A clean way to handle this is to also automate the Utility gain slightly during your widest moments. Think of it as “keep loudness consistent” automation. A good starting point: when you go from around 80 percent width to around 170 percent, try trimming gain by about half a dB to one and a half dB. Adjust by ear. The goal is that the pad feels wider, not louder.

Alright, optional but very effective: sidechain plus width automation.

Put a compressor after your width Utility. Turn on sidechain and feed it from the kick, or from kick and snare depending on your groove. Try ratio two to one up to four to one. Attack five to twenty milliseconds so you don’t destroy the transient. Release around 80 to 180 milliseconds, matching the tempo and the length of the pad. Aim for two to six dB of gain reduction.

One advanced trick: if you’re doing layered pads, sidechain only the wide layer, not the center core. That way the center stays stable and present, and the sides breathe with the groove. It’s movement without obvious volume pumping.

Now let’s do a quick sound design and layering upgrade that’s very “intermediate DnB producer” and solves a ton of width problems.

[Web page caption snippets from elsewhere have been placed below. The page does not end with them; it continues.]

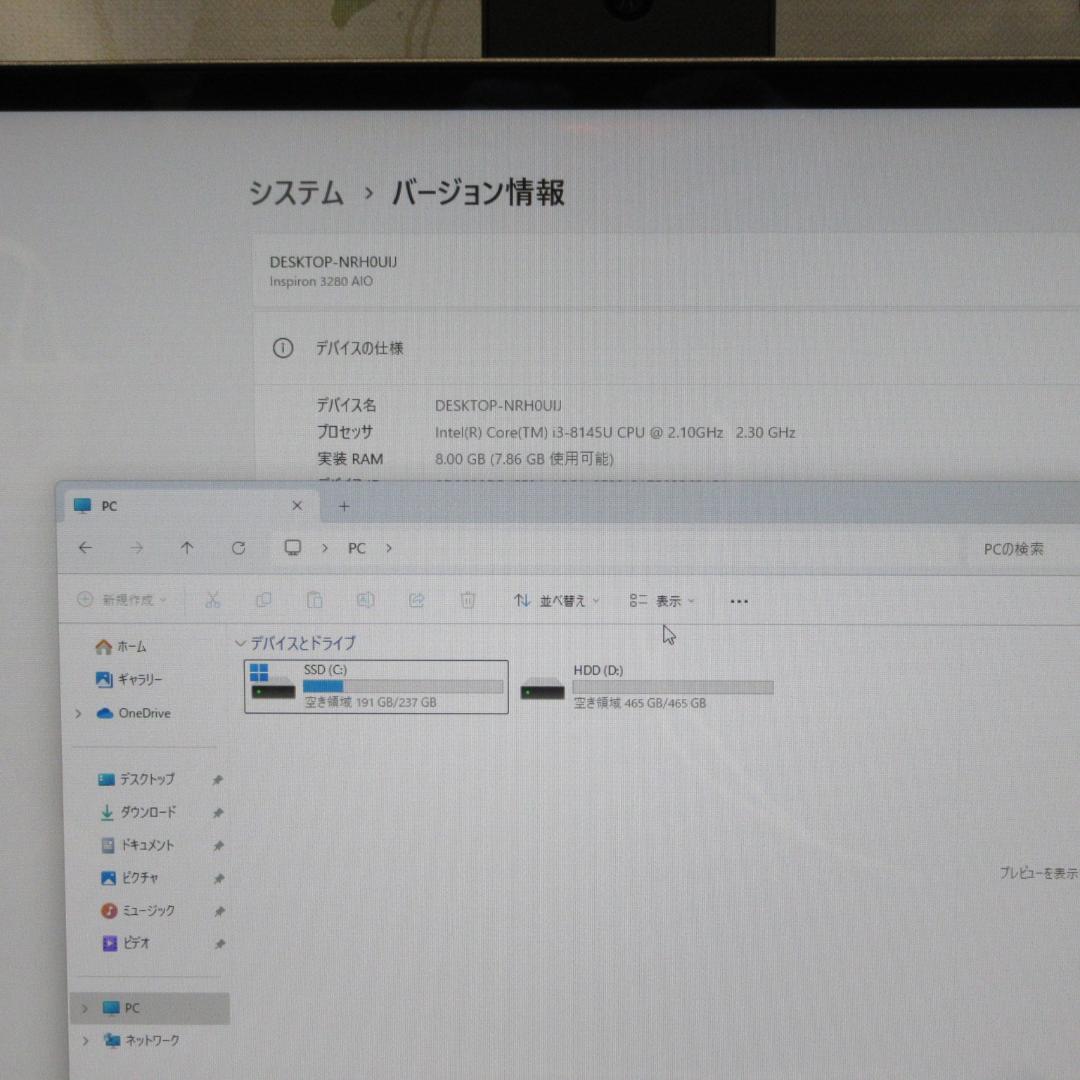 Win11公式サポート！8世代Corei3/SSD+HDD/カメラ/FHD/無線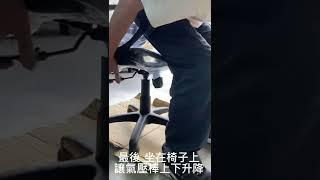電腦椅 組裝 三步曲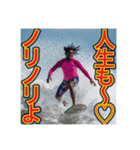 ※サーフィンが大好きな♡ゲイの黒人男性（個別スタンプ：13）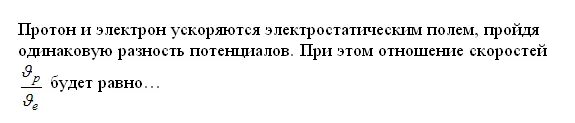 Протон и электрон ускоренные одинаковой разностью
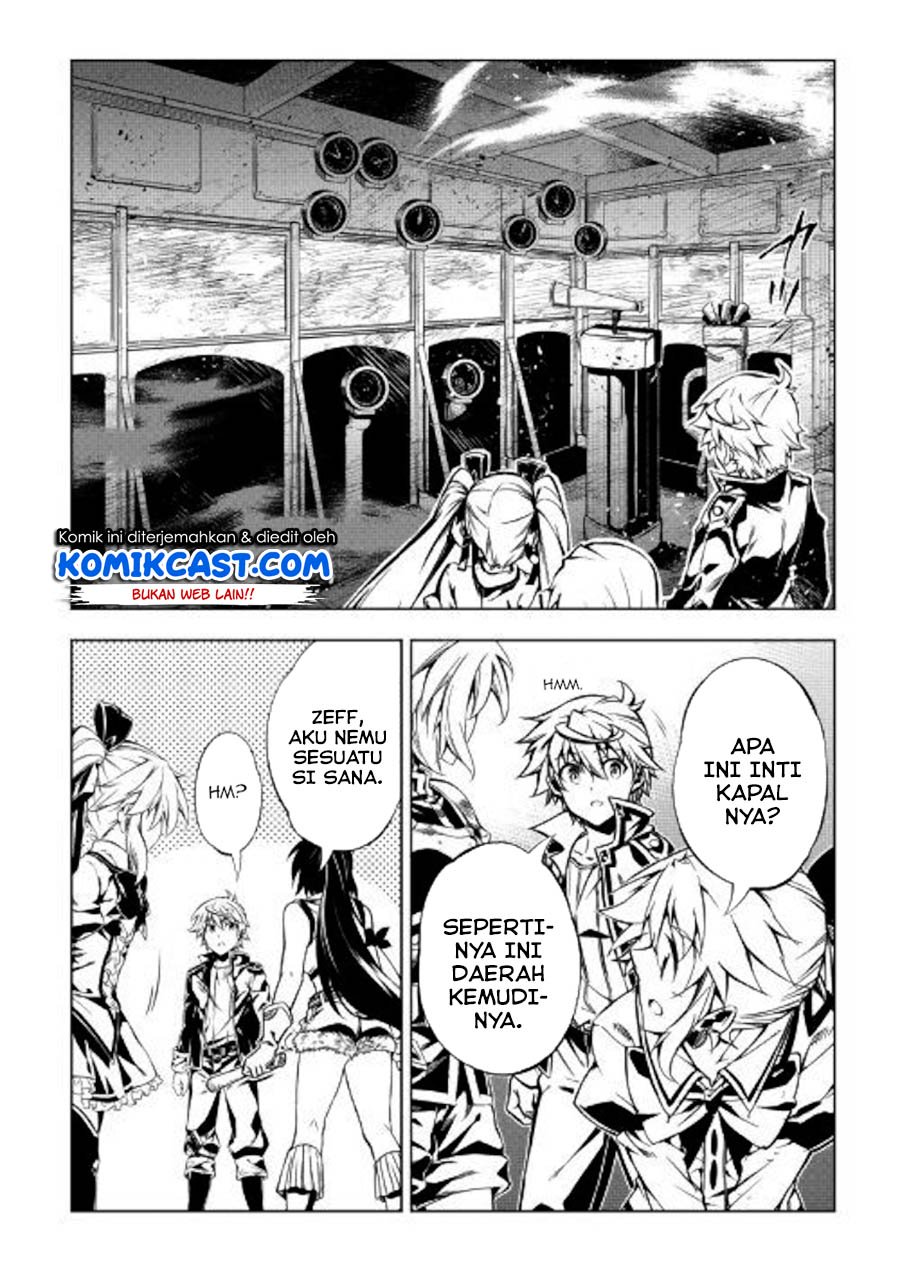 Kouritsu Kuriya Madoushi, Daini no Jinsei de Madou wo Kiwameru Chapter 45 Gambar 39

Build a stable core plus unstable sides.

Duplicate your pad track. Name one Pad Core and one Pad Sides.

On Pad Core, keep it more centered. You can even put Utility width at 0 to 60 percent. Optionally low-pass it a bit, like six to ten kHz, to keep it from taking over the air.

On Pad Sides, put an EQ Eight and high-pass it hard, like 300 to 800 Hz. This is important: we’re basically saying the sides are allowed to be wide, but not thick. Then put your chorus or micro-delay, then reverb, then Utility width automation. Set that sides utility anywhere from 140 to 200 percent, and automate mostly this track.

This setup gives you that expensive, wide, cinematic feel while keeping the power and clarity in the center.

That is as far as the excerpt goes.